Yargıtay Kararı 3. Hukuk Dairesi 2023/64 E. 2023/1623 K. 25.05.2023 T.

YARGITAY KARARI
DAİRE : 3. Hukuk Dairesi
ESAS NO : 2023/64
KARAR NO : 2023/1623
KARAR TARİHİ : 25.05.2023

MAHKEMESİ : Samsun Bölge Adliye Mahkemesi 5. Hukuk Dairesi
SAYISI : 2022/1246 E., 2022/1501 K.
DAVA TARİHİ :28.06.2019
KARAR :Davanın kabulü
İLK DERECE MAHKEMESİ :Ordu 2. Asliye Hukuk (Tüketici) Mahkemesi
SAYISI :2020/187 E., 2022/145 K.

Taraflar arasındaki tazminat davasından dolayı yapılan yargılama sonunda İlk Derece Mahkemesince davanın kabulüne karar verilmiştir.

Kararın davalılar vekili tarafından istinaf edilmesi üzerine, Bölge Adliye Mahkemesince başvurunun esastan reddine karar verilmiştir.

Bölge Adliye Mahkemesi kararı davalılar vekili tarafından temyiz edilmekle; kesinlik, süre, temyiz şartı ve diğer usul eksiklikleri yönünden yapılan ön inceleme sonucunda, temyiz dilekçesinin kabulüne karar verildikten ve Tetkik Hâkimi tarafından hazırlanan rapor dinlendikten sonra dosyadaki belgeler incelenip gereği düşünüldü:

I. DAVA
Davacı; davalılardan 18.07.2014 tarihli sözleşme ile site içerisinde daire satın aldığını, sitenin ve dairenin sözleşmedeki özellikleri taşımadığını, dairenin 18.01.2016 tarihinde teslim edilmesi gerekirken 28.07.2016 tarihinde teslim edildiğini, daire ile sitenin halen inşaat halinde olduğunu ve çatının kapatılması yönünden davalılar aleyhine 19.01.2016 tarihinde ihtarname keşide ettiğini, sitedeki ve dairedeki eksikliklerin ve ayıplı ifaların 15.02.2018 tarihinde tespitini yaptırdığını ileri sürerek, söz konusu sözleşmede belirtilen eksikliklerin ve ayıplı işlerin tespiti ile fiyatlandırılmasına ve taşınmazda meydana gelen değer kaybının dava tarihinden itibaren işleyecek yasal faizi ile davalılardan müştereken ve müteselsilen tahsiline, fazlaya ilişkin hakları saklı kalmak kaydıyla şimdilik 2.500 TL tazminatın tapudaki hissesi oranında faiziyle tahsilini istemiş, ıslah dilekçesi ile talebini artırmıştır.

II. CEVAP
Davalılar; davacının yaklaşık üç yıldır davaya konu sitede ikamet ettiğini, iki dönem site yöneticiliği yaptığını, davacının daireyi anahtar teslim olarak değil %80 bitmiş hali ile satın aldığını, satış sözleşmesi hükümleri gereğince yükümlülüklerini yerine getirdiklerini, sözleşmeden kaynaklı ayıp veya eksik işin olmadığını, davanın zamanaşımına uğradığını, delil tespiti dosyasından alınan bilirkişi raporunu kabul etmediklerini savunarak, davanın reddini istemişlerdir.

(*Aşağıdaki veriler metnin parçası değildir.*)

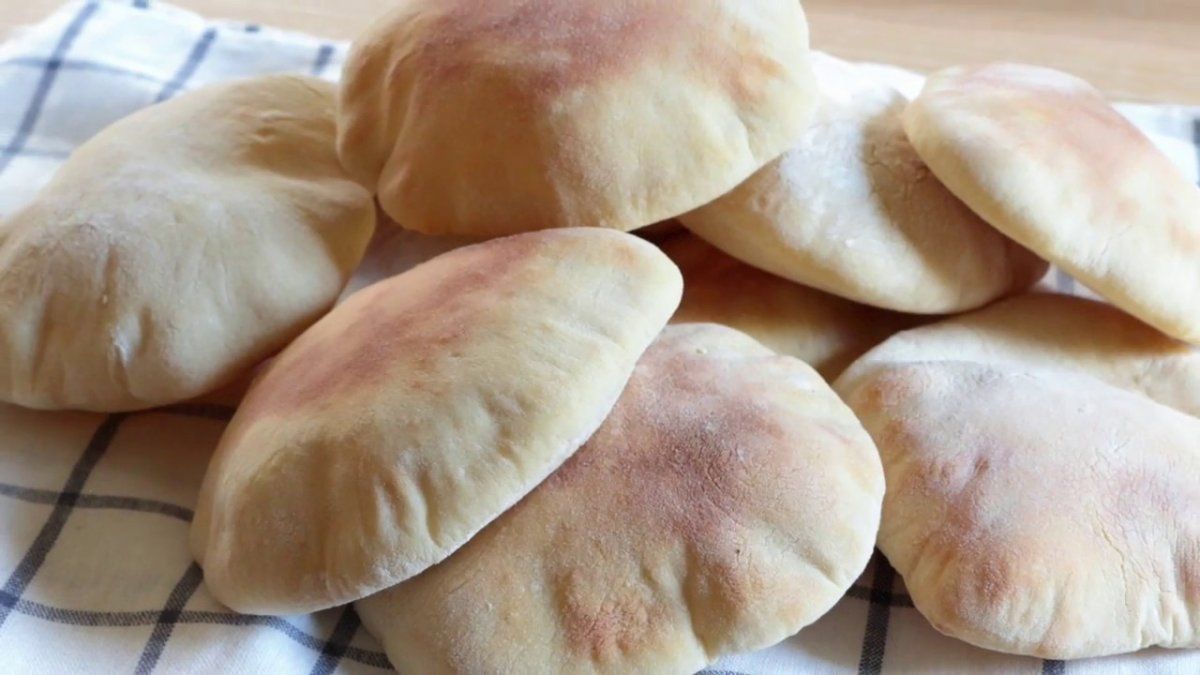 Pan de pita sin miga.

III. İLK DERECE MAHKEMESİ KARARI
İlk Derece Mahkemesinin yukarıda tarih ve sayısı belirtilen kararıyla; 18.07.2014 tarihli alım-satım sözleşmesinde yapılması gereken işlerin bilirkişi raporunda belirtilen şekilde ayıplı ve eksik şekilde yapıldığı gerekçesiyle davanın kabulü ile 250.626,95 TL’nin (2.500 TL yönünden dava tarihinden 248.126,95 TL yönünden ıslah tarihinden itibaren) yasal faizi ile birlikte davalıdan tahsiline karar verilmiştir.

IV. İSTİNAF
A. İstinaf Yoluna Başvuranlar
İlk Derece Mahkemesinin yukarıda belirtilen kararına karşı, süresi içinde davalılar vekili istinaf başvurusunda bulunmuştur.

B. İstinaf Sebepleri
Davalılar vekili; kararın gerekçesinin bulunmadığını, aynı heyetten alınan bilirkişi raporuna itiraz ettikleri halde itirazlarının neden karşılanmadığını ve ek raporun neden hükme esas alındığının yazılmadığını, bilirkişi raporunun hükme elverişli olmadığını, bilirkişi raporlarındaki fiyatların denetime elverişli olmayıp fiyatın neye göre belirlendiğinin belli olmadığını, Ordu 4. Asliye Hukuk Mahkemesinin 2020/3 ve 2020/19 değişik iş sayılı dosyalarının, Ordu Cumhuriyet Başsavcılığının 2020/8426 ve 2020/7652 soruşturma sayılı dosyalarının celp edilerek, yeni bir heyet eşliğinde keşif yapılarak rapor tanzim edilmesi gerektiğini ileri sürerek; İlk Derece Mahkemesi kararının kaldırılmasını talep etmiştir.

C. Gerekçe ve Sonuç
Bölge Adliye Mahkemesinin yukarıda tarih ve sayısı belirtilen kararıyla; İlk Derece Mahkemesi kararında davanın esasıyla ilgili tarafların gösterdiği hükme etki edecek tüm delillerin toplandığı, kanunun olaya uygulanmasında ve gerekçede hata edilmediği, ihtilafın doğru olarak tanımlandığı, hükme esas alınan bilirkişi heyet raporunun hüküm kurmaya yeter açıklıkta bulunduğu, inceleme konusu kararın neticesi itibarı ile usul ve yasaya uygun bulunduğu gerekçesiyle davalılar vekilinin istinaf başvurusunun esastan reddine karar verilmiştir.

V. TEMYİZ
A. Temyiz Yoluna Başvuranlar
Bölge Adliye Mahkemesinin yukarıda belirtilen kararına karşı, süresi içinde davalılar vekili temyiz isteminde bulunmuştur.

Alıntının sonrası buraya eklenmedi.